I also remembered a reader writing in to me about a PRAM reset button near the battery inside, which could be used in place of removing the battery for certain Mac glitches.
I also tried zapping the Mac's PRAM via keyboard to see if that helped-- but had to look through several of my own Mac user logs to find the key combo first.
I got zero results.
I went to Apple's G4 user manual PDF, looking for info about a possible internal reset button to press after installing replacement drives. But found none.
So I began checking out the manual's info about Airport cards in the G4.
Yes: the location was correct. That was indeed an Airport card slot inside the G4. And the manual's illustration of an Airport card resembled what I'd seen inside the Mac....
Out of curiosity I ran the System Profiler again, to see what it said about the Airport card.
For something didn't smell right here.
If my brother-in-law had installed the Airport card, how come the G4 so easily synched up with the Ethernet connection at WebFLUX Central?
Previous Airport installs on Macs here in years past had been nightmares of configuration. Both to switch from Ethernet to Airport, or back again.
The profiler found just as much about the Airport card as it had the removable drives: zero.
Note that I had another Mac in a nearby room where I could reference the internet regardless of the G4's condition during all this.
And I was following several different lines of troubleshooting investigation simultaneously.
I opened the Airport software in Mac OS X to see if it could see the card to begin a set up. But it saw nothing either.
Another slim lead in the forums had been repairing disk permissions on the hard drive to fix some balky removables. So I called up Disk Utility, and sure enough it found some problems to fix. But those fixes didn't bring the removables online.
I began thinking maybe I should check for a loose connector in the vicinity of the removables.
Inside the G4 again, I decided to try removing the Airport card. Since it wasn't working anyway.
When I did this, I realized something.
Namely, the Airport card was wrong-side-up, according to Apple's manual PDF! Yikes!
That, combined with the looseness in the slot, and the mismatching pins and blade interface, made me commit to removing the card to see what happened.
However, I never expected any fix to be that easy. So before cranking up the Mac again I began exerting pressure on the connectors at the rear of the removable drives, to make sure they were firmly in place...
I moved my left hand to the front of the Mac to counteract the pressure, and accidentally hit the reset/power switch there, which caused the Mac to switch on while I was inside it. Yikes!
Well, there was nothing to do then but extract myself from the innards and let it boot.
I noticed that it booted fine.
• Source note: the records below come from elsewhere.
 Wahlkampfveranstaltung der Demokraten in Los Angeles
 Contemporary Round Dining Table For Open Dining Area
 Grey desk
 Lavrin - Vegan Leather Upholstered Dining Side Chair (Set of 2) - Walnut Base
In fact, much faster than it had the previous times. So I decided to check the System Profiler again.
Eureka! The removables were visible there!
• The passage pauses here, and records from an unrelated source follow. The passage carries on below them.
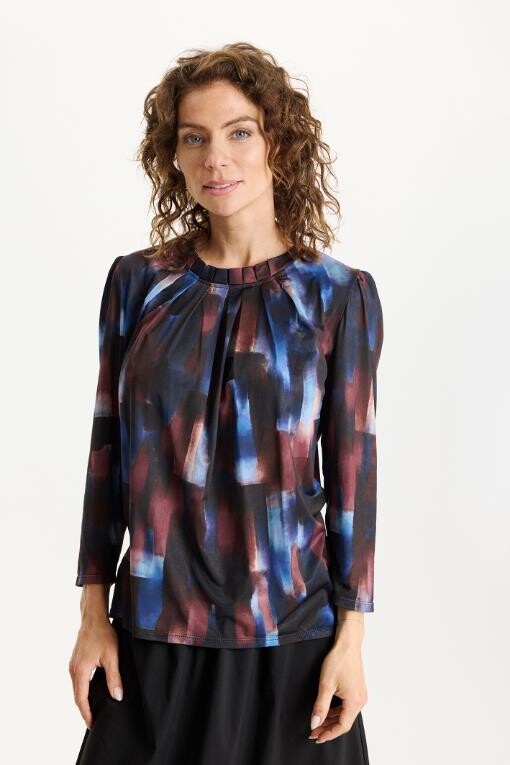 IN FRONT GRAZIA BLOUSE 16869 516 (Multi Blue 516)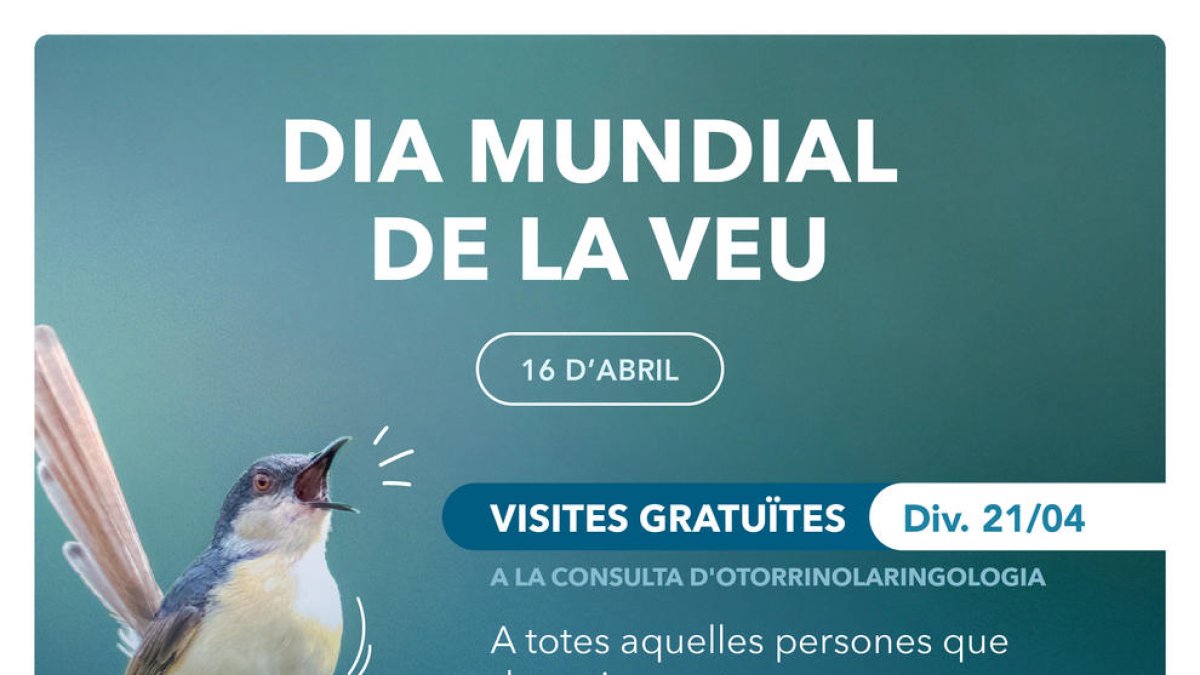 Visites d'Otorrinolaringologia gratuïtes el divendres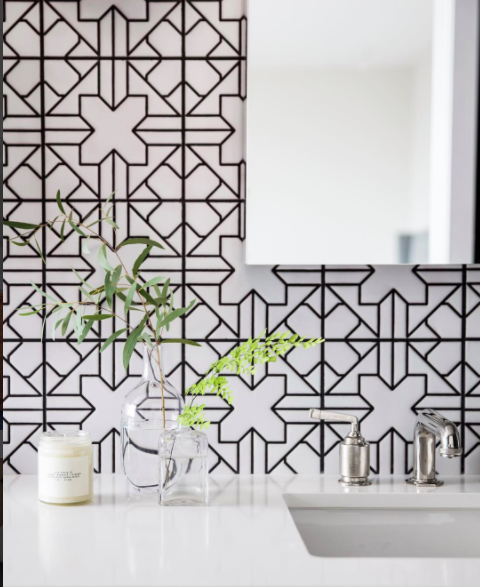 interesting pattern: tile grout should blend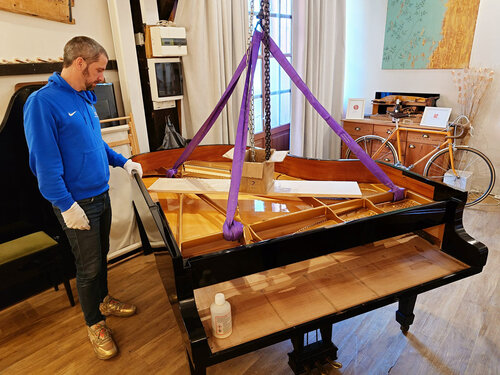 Steinway A-188 - remise en place du cadre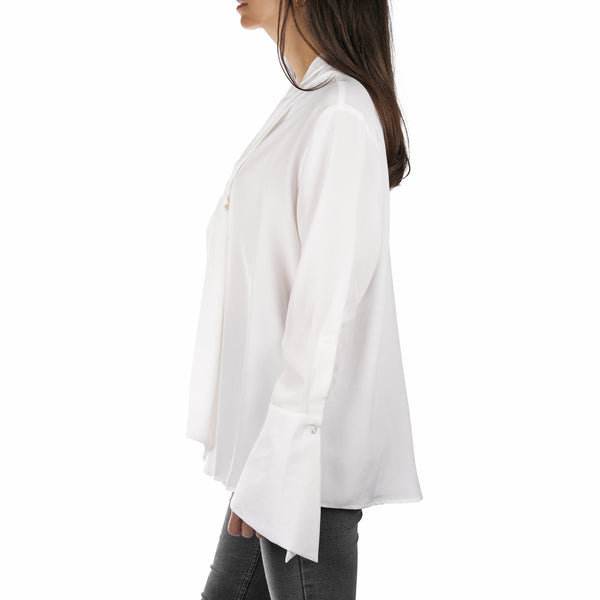 Henry Beguelin Silk Shirt White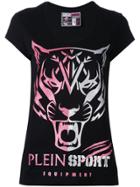 Plein Sport Logo Print T-shirt - Black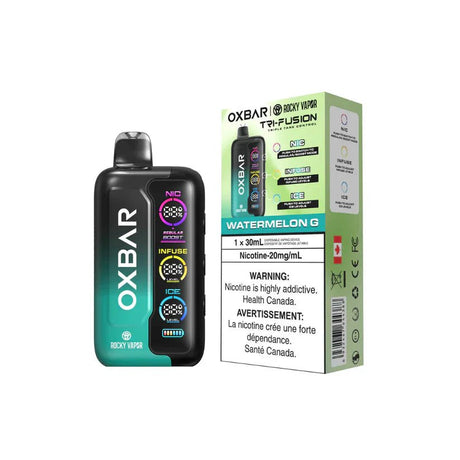 Shop OXBAR Tri Fusion 45K Disposable - Watermelon G - at Vapeshop Mania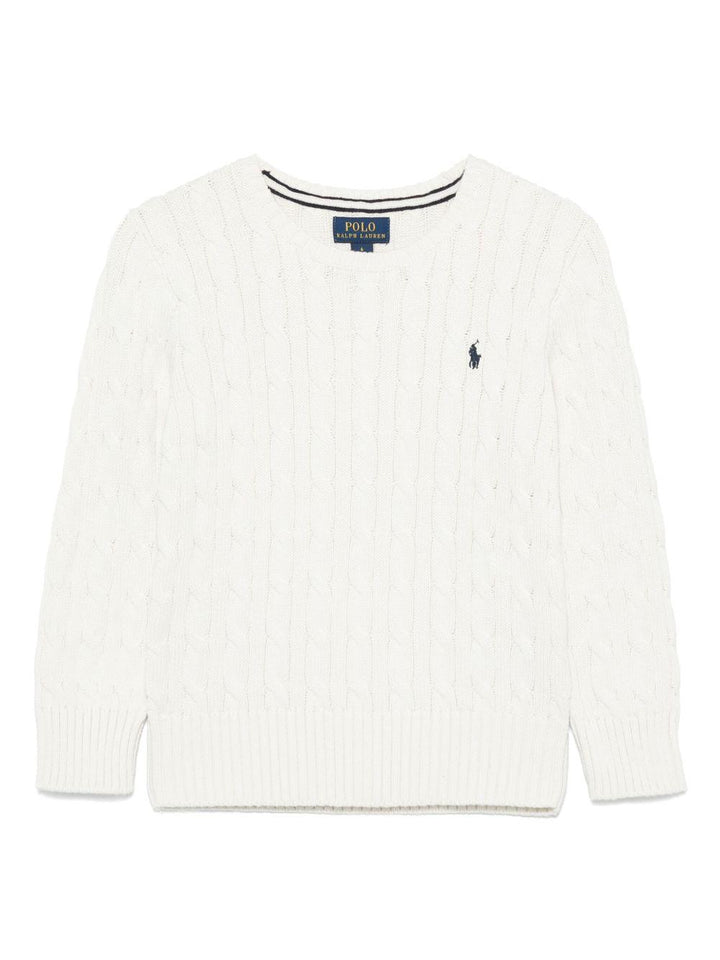 Maglione bianco per bambino 323702674 024 Ralph Lauren Kids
However, I didn't try the eject function or anything else, since the case was wide open. Instead, I shut down, closed it back up, and turned it on again.
Yes! The disk tray ejected just fine! It also read a OS X CD. I retrieved one of my PC ZIP disks, and the G4 read that fine as well! Yay!
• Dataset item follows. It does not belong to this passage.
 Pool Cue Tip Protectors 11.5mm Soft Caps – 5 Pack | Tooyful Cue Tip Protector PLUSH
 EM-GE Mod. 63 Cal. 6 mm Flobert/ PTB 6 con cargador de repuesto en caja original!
I checked several of the mainstream eject command actions on the G4 to make sure they all worked (they did).
I also checked to make sure the G4 could still see the internet too (it could).
Somehow the Airport card had interfered with all the removable drives on the machine.
It turned out my brother-in-law had bought the wrong Airport card for a Mac laptop they owned (maybe an iBook?), where it wouldn't work, and tried sticking it in the G4 (where it also wouldn't work). Then forgot about it, by the time he got around to trying to use the DVD drive and ZIP.
The Airport card had even been installed wrong-side-up. But you could only know that by examining the PDF manual online at Apple.
I sure do hope this helps some of the other Mac users out there where "No burning device was found".